## Instructions for the task
Look below for the line that contains "Máy Massage THAFA", then copy it and each following line exactly, through and including the line that contains "Wicked Valley COCOA Rose Beanie".

--- Excerpted records Enclosed Below ---

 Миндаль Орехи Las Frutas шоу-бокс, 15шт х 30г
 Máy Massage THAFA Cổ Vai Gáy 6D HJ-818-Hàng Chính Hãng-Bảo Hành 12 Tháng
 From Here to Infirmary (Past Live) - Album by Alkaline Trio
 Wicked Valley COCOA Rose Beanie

--- End of Enclosed Excerpted records ---
--- Excerpted records Enclosed Below ---

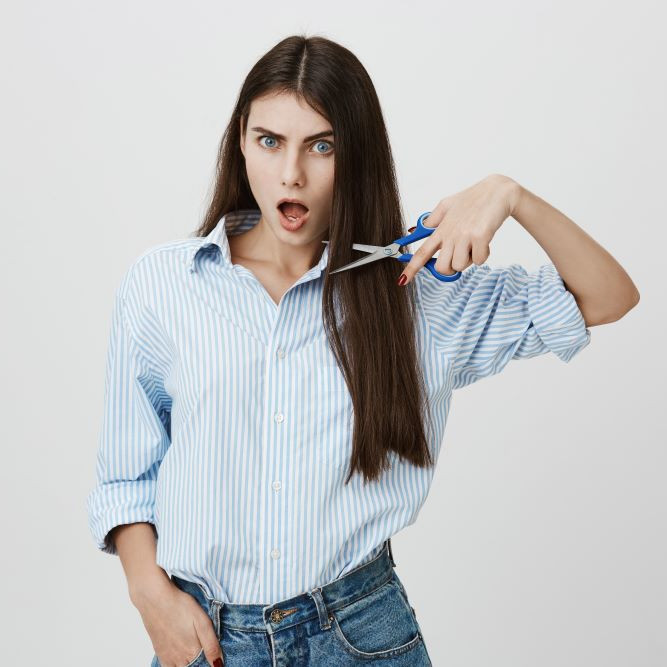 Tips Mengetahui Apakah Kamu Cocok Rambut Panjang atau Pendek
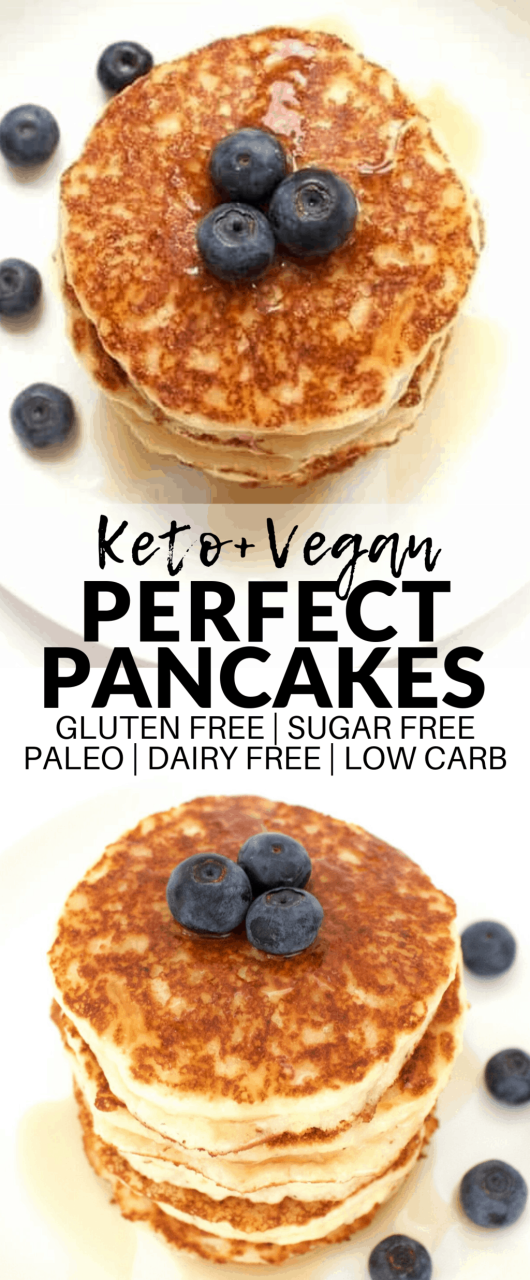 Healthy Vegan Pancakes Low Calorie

--- End of Enclosed Excerpted records ---

## Result below
 Máy Massage THAFA Cổ Vai Gáy 6D HJ-818-Hàng Chính Hãng-Bảo Hành 12 Tháng
 From Here to Infirmary (Past Live) - Album by Alkaline Trio
 Wicked Valley COCOA Rose Beanie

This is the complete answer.